The place it gets you is if you are not acting professionally or do poor work. 

If you hold to the contract eg triggers and such you limit your liability. Breakdowns can be a problem however generally the bigger problem is getting fired as you did not do the job.


----------



## ThisIsMe (Oct 31, 2006)

I think it is clearly obvious you cannot right away your liability 100% as Walmart is trying to do. Ultimate responsibility lies with the property owner (in this case Walmart). 
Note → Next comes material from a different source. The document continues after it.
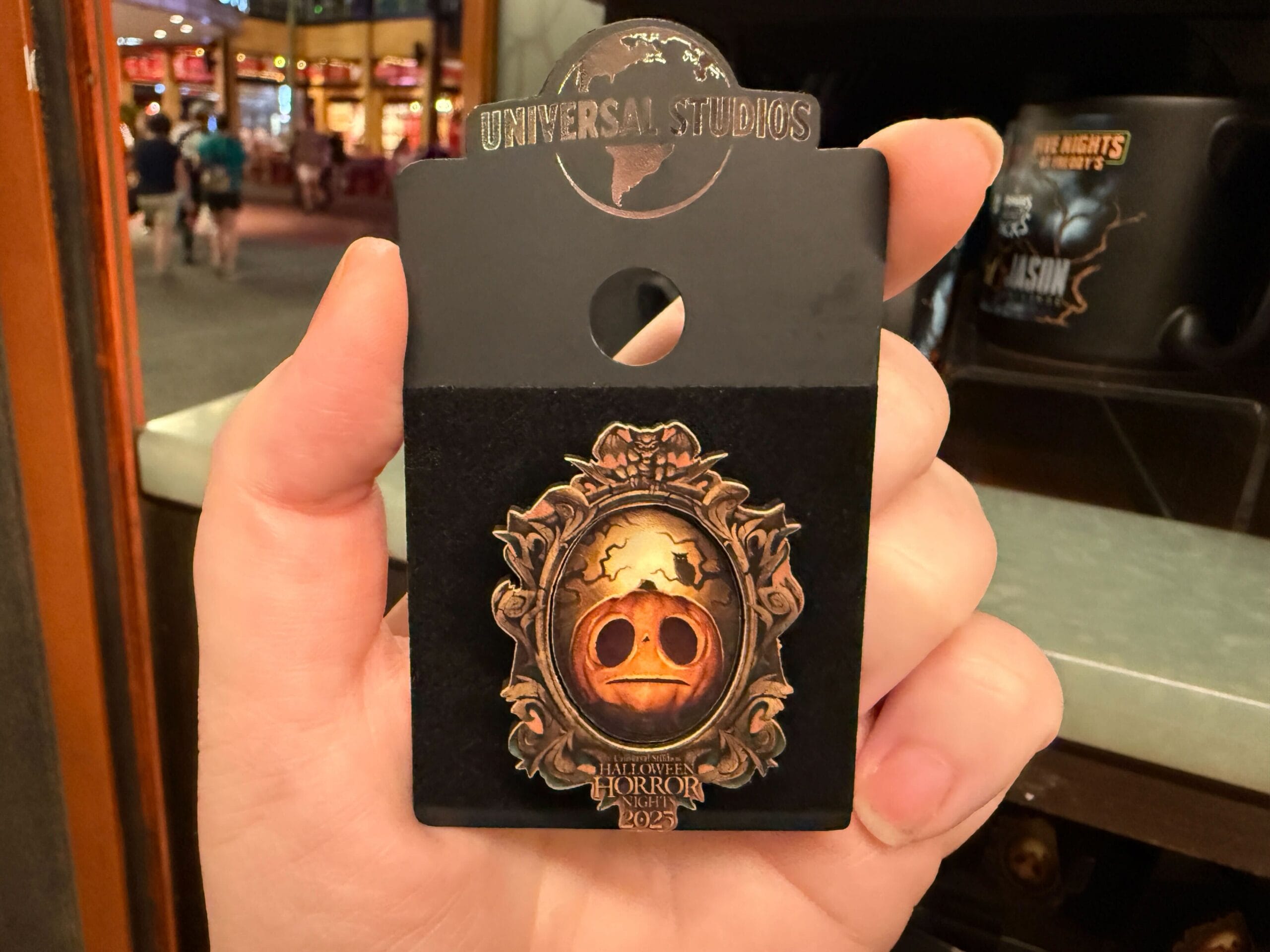 Hand holding a Universal Studios Halloween Horror Nights Merchandise pin with a carved pumpkin face in an ornate frame.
Sure you might be named in the case as a defendant, but who do you think the plaintiff's attorney is going to go after? You are Walmart?


----------



## wirenut (Jan 16, 2004)

they look for money and dont care where they get it
it cost me 500 just to make some scumbag to go away
when i plowed for the city


----------



## slade (Oct 19, 2004)

These contracts for Walmart are they signed by the local store manager or by the home office in Arkansas? It was emailed to me from their headquarters I believe.


----------



## REAPER (Nov 23, 2004)

I am not a lawyer but I have paid many before.
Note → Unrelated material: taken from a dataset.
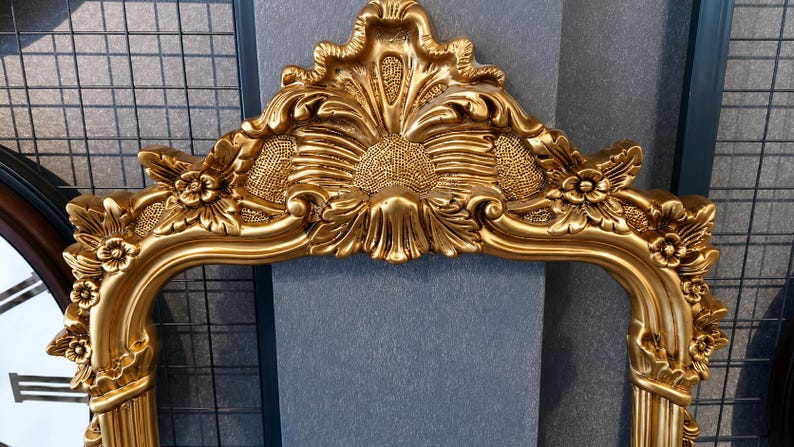 May include: A gold-colored ornate mirror frame featuring intricate relief carvings of floral motifs and a central shell-like crest at the top. The frame has a polished metallic finish with textured detailing throughout the decorative scrollwork.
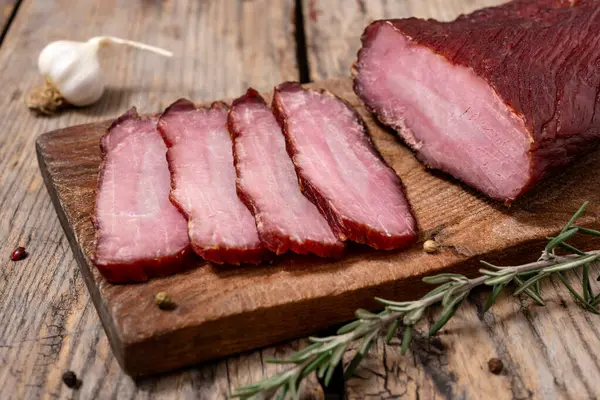 Ahşap bir masada kurutulmuş et ve baharatla tahta kesmek. Seçici odak.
the wording you put up....

"Contractor shall at all times indemnify, defend and hold harmless Walmart against and from any and all lawsuits, claims, actions, and expenses including attorney's fees arising out of or related to the acts, omissions, negligence or willfull misconduct of Contractor. 
".......

Seem to read that you will not hold them to blame for something you did. Like knocking over a light post or going through a wall or something. Or running someone over in the lot while plowing. To me it reads that you do not hold them libel for your actions.

Not slip n falls.

This all may be moot because you do not have the exact wording of it posted.


----------



## LHK2 (Jan 22, 2007)

If you sign it, your responsable for anything, car accident slip and falls. If the have to make the decision for you to salt, it is on there hands. You said they had a fall earlier, this is why they are probably making you sign it so they are off the hook for the next fall.


----------



## Scottscape (Nov 27, 2005)

I don't sign anyones contract/agreement they always sign mine. As said in all of my agreements/contracts "with respect to the client, scottscape maintenance is an independent contractor and not an employee of the client". By signing their contract it kinda gives them the idea that you're their employee and what they say goes basically. I agree, I wouldn't wanna' go up against walmart in court. I just receieved a call from them yesterday, I'm sure some of you can probably take a good guess what I told them.  My best advice for some of you guys is to stay away from the clients contracts.


----------